I was taught from an early age that life is an amazing journey, and that is true. Well, it can be, but only if we embrace it and allow ourselves the opportunity to evolve. Asking why is critical to that evolution, as it enables us to understand ourselves, our goals and the expectations that are placed upon us.

To drive this point home (even further), here are seven reasons why asking why is so important:

  1. It fosters personal growth
    Asking why can move you in a new direction and get you to think about your core values and beliefs. It can make you reassess everything you’ve learned since childhood and help you to evolve by enabling you to work out what is important to you.
  1. It promotes a healthy mindset
    When you ask why, you are evaluating your life and your habits in order to get to know yourself better. Questioning yourself will provide you with clarity and a better outlook because you will have a greater understanding as to why you do the things you do. The information you learn about yourself will enable you to make an informed decision as to what changes, if any, are necessary. Your mind is essential for your well-being, so learn to ask why more and challenge yourself daily.
  1. It inspires courage
    Fear cripples many people from reaching their fullest potential. Many people are afraid to ask why because they don’t want to know the answer, are too afraid of the answer, or feel guilty that they will ignore the answer. If you make it a personal mission to ask why more and openly challenge things, it will inspire others to do the same. If they see that you are learning and growing because of your curiosity and fearlessness, they too will face their fears head on. Remember, leading by example is a surefire way to inspire others.
  1. It encourages communication
    Communication is important to personal and professional relationships; however, fear can stop you from asking vital questions which can hinder this exchange. Asking why will open up conversation and steer you to the truth of any problem or situation that occurs. It’s good to be honest, and asking why will bring up any concerns. It is then up to you to make an informed decision based on the information that was shared. Asking why, as opposed to jumping to conclusions, will lead to successful and productive conversations.
  1. It highlights awareness and influences change
    In business, you knowingly take a risk by asking why because you are seeking an answer that may shape your next move. Asking why can also help get to the root cause of an issue which is necessary to take corrective action, or influence others that taking corrective action is the right thing to do.
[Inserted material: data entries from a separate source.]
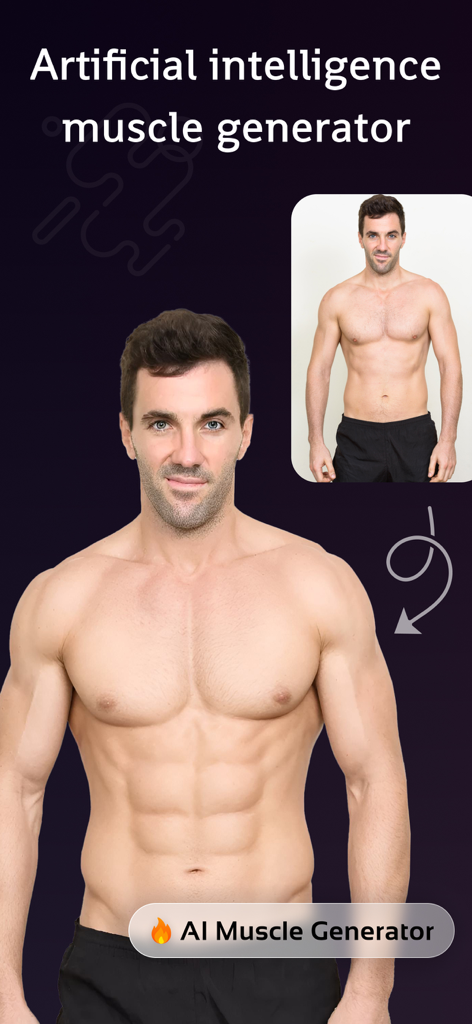 AI Muscle Generator - BodyGoal - 男性の定義された腹筋と上腕二頭筋を示すAI生成された筋肉の変容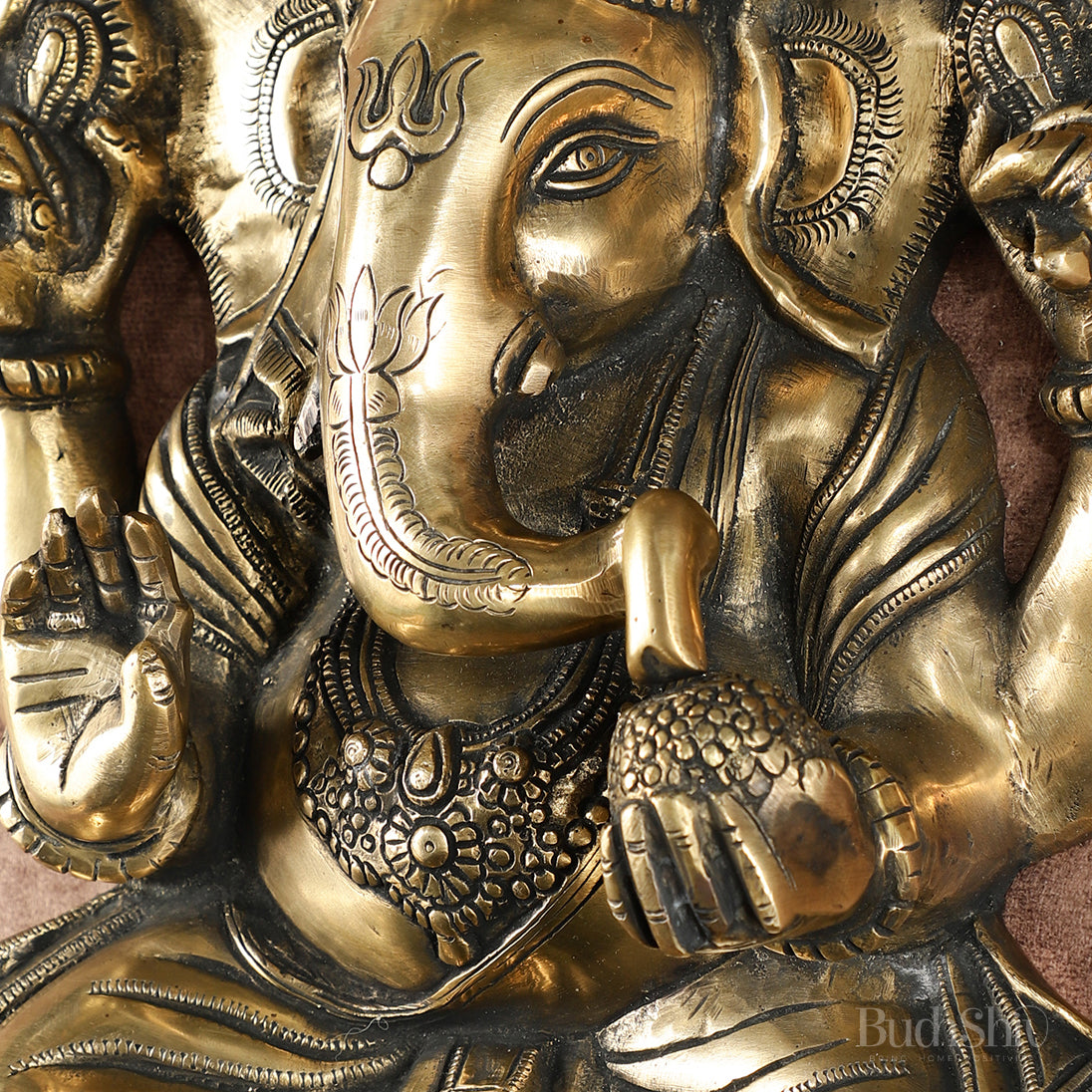 Brass Full Body Lord Ganesha Wall Hanging – 14 Inch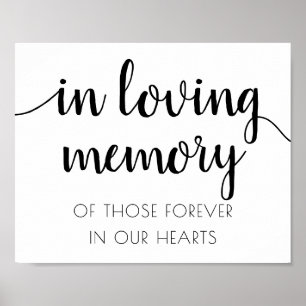 Simple In Loving Memory   Black Script Memorial Poster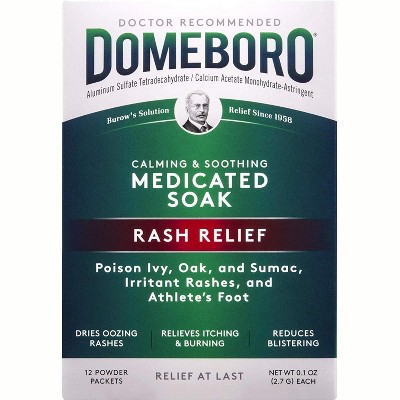 Domeboro Calming & Soothing Medicated Soak Rash Relief Astringent Powder Solution, 12 Ct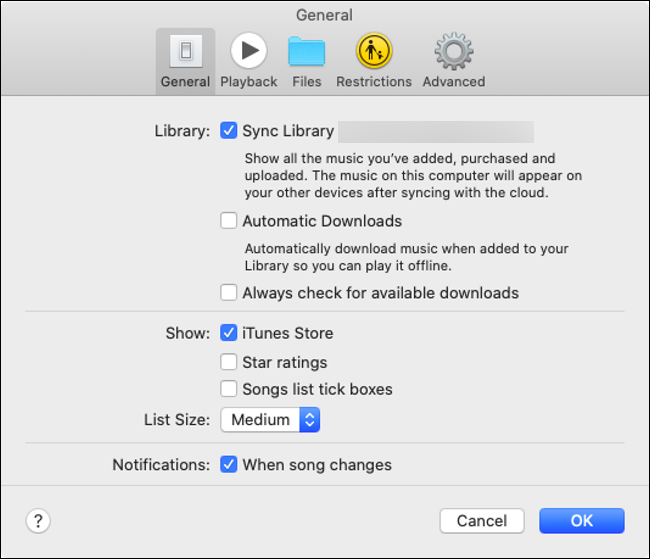 Preferences in macOS Catalina's Music app.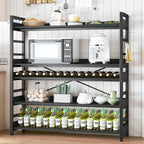 HCHQHS 5 Tier Bookshelf, Adjustable Industrial Bookcase, Vertical Tall Book Shelf, Wood and Black Metal Open Bookshelves for Home Office, Living Room, Bedroom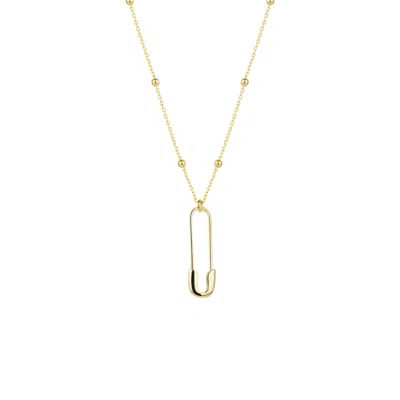 Spero London Women's Sterling Silver Safety Pin Necklace With Beaded Satellite Chain - Gold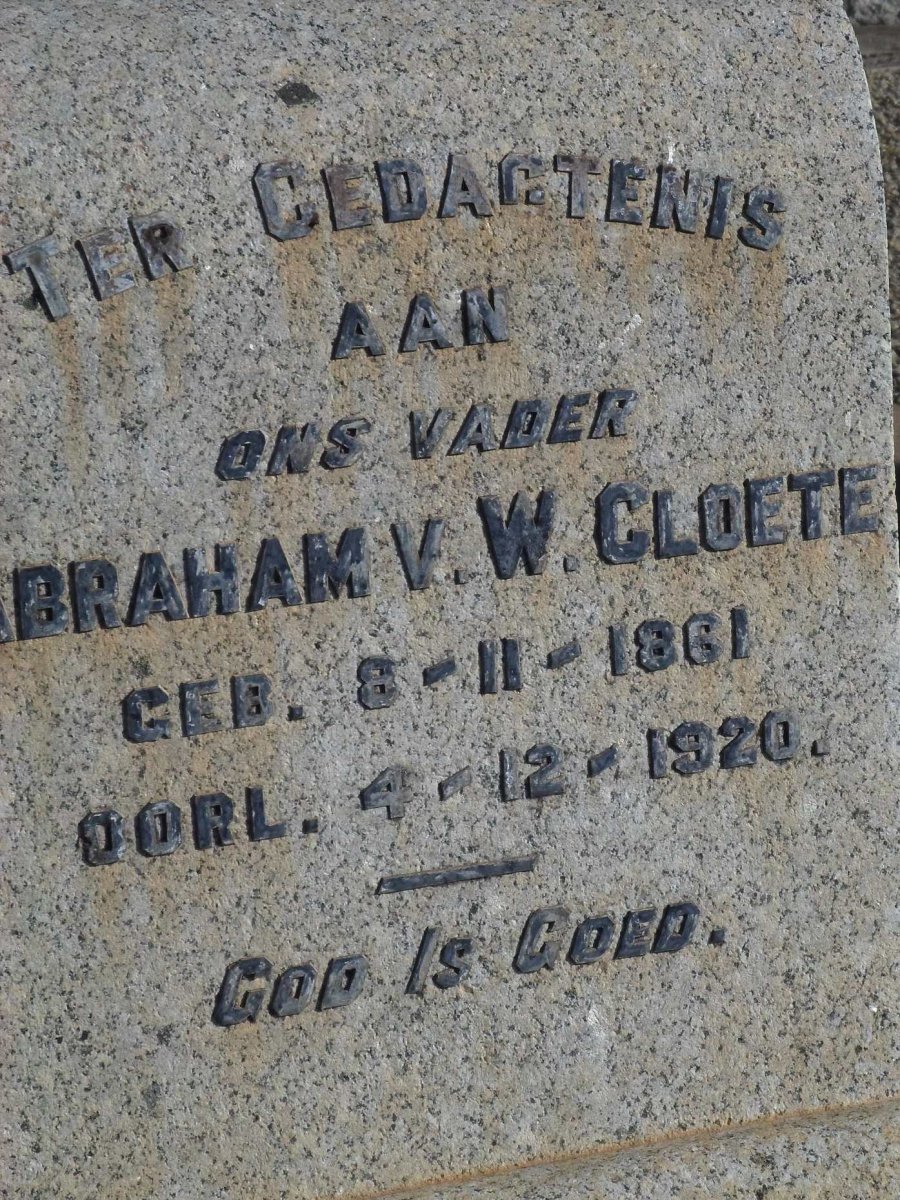 CLOETE Abraham V.W. 1861-1920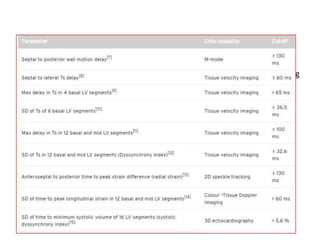 • Intraventricular dyssynchrony can be evaluated by conventional
echocardiography, tissue velocity measurements and deformation imaging
 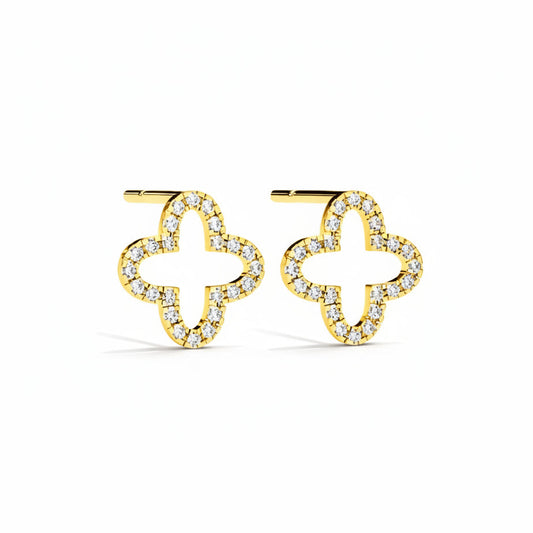 Clover Diamond Stud Earrings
If you wish to spread awareness and/or influence change, ask why about a topic close to your heart.
  1. It promotes creativity
    People, organizations, and teams who start by asking what, how, and who questions are short-sighted. They focus on plans, strategies, and tactics, missing the primary goal. Asking why will not only help you get to the root cause and understand the motivation behind why something is being done a specific way, it is inspirational. While everyone on the team may be unique in their approach towards a creative solution, they are all on the same page regarding why they are seeking a solution in the first place.
  1. It eliminates confusion
    The best way to get context in any situation is to ask why, sometimes repeatedly. Asking why eliminates confusion caused by pre-conceived notions, which are fueled by lack of knowledge, or more dangerous, misinformed knowledge. Asking why defines a clear path and brings everyone on the same page.

 

So, the next time you are faced with a tough decision, ask why or what the context is behind making the choice. Learn to recognize the reason behind what you’re doing and when to ask why. Not only will this drive more effective conversations and exchanges, it may also save precious time and personal energy.

Last but not least, if you notice that someone close to you has stopped questioning and/or challenging things, encourage him or her to ask why. Explain that to be successful, they should always be aware of the reasons why they are doing something, and those reasons should always be their driving force – a force they should never lose sight of!